====== Data under study ======

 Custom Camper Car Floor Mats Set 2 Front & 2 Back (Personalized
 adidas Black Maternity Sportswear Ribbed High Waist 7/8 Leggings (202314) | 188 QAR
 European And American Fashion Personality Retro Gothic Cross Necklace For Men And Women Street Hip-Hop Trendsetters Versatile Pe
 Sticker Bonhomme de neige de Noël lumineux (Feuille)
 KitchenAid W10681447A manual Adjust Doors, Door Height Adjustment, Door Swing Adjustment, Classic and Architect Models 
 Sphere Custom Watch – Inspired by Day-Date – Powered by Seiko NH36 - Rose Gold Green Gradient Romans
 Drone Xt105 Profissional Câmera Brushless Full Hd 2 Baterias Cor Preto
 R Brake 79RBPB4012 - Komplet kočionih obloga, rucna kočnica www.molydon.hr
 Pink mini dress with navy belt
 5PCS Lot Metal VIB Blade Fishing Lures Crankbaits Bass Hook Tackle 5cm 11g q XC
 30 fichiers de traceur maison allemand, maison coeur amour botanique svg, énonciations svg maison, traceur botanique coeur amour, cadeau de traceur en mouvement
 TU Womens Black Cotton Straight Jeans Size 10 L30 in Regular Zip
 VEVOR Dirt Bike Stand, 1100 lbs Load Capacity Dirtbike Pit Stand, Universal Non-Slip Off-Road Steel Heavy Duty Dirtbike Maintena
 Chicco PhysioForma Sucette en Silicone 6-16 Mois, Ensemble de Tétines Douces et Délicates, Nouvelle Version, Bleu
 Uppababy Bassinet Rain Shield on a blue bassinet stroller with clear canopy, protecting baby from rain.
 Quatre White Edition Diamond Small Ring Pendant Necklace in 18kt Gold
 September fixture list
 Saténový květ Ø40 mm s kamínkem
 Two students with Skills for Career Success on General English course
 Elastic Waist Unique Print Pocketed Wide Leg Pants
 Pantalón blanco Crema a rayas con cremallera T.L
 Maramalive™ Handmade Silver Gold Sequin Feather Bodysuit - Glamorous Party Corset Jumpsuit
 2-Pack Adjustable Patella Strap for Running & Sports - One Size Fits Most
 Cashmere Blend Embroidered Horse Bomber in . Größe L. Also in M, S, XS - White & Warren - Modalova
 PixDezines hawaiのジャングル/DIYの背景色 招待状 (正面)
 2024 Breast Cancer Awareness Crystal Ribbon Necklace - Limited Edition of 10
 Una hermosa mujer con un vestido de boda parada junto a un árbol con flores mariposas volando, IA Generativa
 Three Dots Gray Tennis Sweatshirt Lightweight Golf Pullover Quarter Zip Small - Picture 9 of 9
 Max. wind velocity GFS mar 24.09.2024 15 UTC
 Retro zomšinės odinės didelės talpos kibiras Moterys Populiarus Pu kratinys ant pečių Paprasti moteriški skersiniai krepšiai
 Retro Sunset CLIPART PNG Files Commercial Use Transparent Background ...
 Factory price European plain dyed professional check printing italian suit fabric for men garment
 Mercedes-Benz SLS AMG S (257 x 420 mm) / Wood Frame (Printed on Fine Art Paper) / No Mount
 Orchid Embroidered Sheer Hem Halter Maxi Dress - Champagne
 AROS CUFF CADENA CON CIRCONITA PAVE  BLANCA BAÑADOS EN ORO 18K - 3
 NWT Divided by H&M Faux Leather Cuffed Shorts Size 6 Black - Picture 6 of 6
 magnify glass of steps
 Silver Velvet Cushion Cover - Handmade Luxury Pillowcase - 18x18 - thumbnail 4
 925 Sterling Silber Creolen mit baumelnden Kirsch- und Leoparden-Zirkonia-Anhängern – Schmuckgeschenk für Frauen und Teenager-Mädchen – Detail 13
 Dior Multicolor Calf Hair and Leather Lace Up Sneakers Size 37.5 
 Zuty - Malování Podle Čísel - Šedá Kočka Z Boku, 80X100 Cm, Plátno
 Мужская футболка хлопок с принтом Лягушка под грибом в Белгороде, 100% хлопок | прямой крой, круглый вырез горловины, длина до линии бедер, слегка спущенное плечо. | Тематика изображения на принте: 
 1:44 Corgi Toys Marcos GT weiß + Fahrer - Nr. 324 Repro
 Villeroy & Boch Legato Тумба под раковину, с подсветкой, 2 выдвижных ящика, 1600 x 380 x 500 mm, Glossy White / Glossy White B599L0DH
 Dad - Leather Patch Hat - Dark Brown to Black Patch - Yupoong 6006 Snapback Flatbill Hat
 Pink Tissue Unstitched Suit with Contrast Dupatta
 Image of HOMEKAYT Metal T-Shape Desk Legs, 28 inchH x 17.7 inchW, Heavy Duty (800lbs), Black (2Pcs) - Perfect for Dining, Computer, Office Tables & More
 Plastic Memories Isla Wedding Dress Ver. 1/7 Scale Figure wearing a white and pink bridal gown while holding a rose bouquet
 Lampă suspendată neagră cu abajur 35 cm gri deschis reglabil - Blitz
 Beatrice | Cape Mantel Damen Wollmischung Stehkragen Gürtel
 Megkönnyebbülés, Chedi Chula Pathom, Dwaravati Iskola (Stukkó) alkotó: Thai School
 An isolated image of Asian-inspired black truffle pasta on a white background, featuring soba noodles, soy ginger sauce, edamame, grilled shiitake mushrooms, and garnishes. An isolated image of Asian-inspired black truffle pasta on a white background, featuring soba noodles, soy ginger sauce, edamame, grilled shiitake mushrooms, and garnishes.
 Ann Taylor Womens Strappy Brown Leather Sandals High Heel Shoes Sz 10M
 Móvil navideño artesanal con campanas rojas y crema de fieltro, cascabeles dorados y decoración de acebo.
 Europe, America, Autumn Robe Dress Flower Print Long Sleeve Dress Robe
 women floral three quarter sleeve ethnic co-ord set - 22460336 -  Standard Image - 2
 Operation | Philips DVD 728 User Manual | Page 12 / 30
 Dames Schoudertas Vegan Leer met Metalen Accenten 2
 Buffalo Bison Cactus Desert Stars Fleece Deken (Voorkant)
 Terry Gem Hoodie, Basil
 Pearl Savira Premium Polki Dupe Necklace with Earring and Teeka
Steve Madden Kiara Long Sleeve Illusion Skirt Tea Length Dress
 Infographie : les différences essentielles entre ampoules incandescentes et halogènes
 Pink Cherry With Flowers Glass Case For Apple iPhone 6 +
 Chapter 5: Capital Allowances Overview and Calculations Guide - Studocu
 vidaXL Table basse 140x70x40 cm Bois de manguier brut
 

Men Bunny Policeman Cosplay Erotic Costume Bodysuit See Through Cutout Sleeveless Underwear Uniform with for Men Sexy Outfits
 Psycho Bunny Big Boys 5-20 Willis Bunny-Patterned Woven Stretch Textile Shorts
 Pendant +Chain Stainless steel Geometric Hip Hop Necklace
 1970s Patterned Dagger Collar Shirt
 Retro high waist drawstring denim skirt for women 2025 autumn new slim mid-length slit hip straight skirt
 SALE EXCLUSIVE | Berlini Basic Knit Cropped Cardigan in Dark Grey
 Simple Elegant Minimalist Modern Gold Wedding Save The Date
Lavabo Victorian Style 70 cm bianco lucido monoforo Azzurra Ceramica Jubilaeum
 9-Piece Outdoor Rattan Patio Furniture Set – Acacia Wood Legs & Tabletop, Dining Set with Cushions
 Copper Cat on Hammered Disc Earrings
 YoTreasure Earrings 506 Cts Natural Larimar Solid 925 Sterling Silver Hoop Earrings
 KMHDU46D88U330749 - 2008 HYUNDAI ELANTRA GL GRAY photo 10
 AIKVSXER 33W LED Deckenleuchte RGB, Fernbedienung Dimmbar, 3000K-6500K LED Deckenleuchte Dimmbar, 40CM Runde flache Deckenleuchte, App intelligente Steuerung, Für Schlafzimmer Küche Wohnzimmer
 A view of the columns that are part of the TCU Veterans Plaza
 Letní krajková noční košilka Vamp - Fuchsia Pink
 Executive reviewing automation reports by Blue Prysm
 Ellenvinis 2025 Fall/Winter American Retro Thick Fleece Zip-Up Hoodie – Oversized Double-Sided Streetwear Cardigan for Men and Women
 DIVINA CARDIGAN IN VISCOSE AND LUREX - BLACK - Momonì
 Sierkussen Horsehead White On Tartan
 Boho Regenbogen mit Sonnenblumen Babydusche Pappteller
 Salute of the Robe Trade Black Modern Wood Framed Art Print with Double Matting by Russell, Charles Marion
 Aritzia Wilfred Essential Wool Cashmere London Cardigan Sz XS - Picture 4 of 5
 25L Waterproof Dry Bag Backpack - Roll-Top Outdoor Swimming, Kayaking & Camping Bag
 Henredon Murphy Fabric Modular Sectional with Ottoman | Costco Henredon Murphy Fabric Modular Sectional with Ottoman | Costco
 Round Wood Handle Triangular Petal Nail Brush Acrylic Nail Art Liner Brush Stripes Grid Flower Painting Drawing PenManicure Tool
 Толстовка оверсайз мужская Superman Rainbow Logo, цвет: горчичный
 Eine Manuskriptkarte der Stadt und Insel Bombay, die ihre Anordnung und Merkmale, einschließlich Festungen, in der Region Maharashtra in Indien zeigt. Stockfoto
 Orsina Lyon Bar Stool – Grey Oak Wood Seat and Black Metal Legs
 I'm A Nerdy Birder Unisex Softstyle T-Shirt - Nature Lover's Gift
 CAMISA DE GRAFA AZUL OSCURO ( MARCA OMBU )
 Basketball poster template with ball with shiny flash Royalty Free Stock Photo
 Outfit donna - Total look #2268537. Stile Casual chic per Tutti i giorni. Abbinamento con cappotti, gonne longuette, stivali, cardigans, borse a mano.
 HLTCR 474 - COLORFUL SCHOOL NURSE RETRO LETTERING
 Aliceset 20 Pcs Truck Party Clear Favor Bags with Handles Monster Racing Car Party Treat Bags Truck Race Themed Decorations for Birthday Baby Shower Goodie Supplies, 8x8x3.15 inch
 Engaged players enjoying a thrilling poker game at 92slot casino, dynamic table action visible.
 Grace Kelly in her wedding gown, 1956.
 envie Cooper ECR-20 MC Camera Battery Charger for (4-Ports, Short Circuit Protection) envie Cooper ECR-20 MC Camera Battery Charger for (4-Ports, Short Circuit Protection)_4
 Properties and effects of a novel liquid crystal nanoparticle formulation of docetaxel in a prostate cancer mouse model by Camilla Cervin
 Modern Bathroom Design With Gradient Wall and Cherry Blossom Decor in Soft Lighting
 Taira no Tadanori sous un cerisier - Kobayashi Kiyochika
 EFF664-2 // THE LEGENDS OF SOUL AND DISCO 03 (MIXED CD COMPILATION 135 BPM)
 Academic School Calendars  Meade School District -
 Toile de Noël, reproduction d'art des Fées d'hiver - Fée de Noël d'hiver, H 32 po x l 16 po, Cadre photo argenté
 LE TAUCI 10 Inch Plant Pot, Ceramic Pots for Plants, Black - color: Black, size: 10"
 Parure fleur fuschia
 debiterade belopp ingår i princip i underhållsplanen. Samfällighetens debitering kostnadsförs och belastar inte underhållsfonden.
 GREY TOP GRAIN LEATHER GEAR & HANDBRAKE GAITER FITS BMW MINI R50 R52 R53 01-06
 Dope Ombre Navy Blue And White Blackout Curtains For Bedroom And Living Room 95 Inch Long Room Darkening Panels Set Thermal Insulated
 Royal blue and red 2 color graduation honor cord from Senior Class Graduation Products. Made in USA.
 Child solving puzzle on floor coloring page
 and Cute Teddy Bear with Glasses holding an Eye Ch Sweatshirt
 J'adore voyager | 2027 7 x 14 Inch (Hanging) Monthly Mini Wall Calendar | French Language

======

Problem to work on: Nothing outside this range should appear: the lines from the start of the listing through the line with "Drone Xt105 Profissional", each reproduced exactly, both ends included.

The completed task:
 Custom Camper Car Floor Mats Set 2 Front & 2 Back (Personalized
 adidas Black Maternity Sportswear Ribbed High Waist 7/8 Leggings (202314) | 188 QAR
 European And American Fashion Personality Retro Gothic Cross Necklace For Men And Women Street Hip-Hop Trendsetters Versatile Pe
 Sticker Bonhomme de neige de Noël lumineux (Feuille)
 KitchenAid W10681447A manual Adjust Doors, Door Height Adjustment, Door Swing Adjustment, Classic and Architect Models 
 Sphere Custom Watch – Inspired by Day-Date – Powered by Seiko NH36 - Rose Gold Green Gradient Romans
 Drone Xt105 Profissional Câmera Brushless Full Hd 2 Baterias Cor Preto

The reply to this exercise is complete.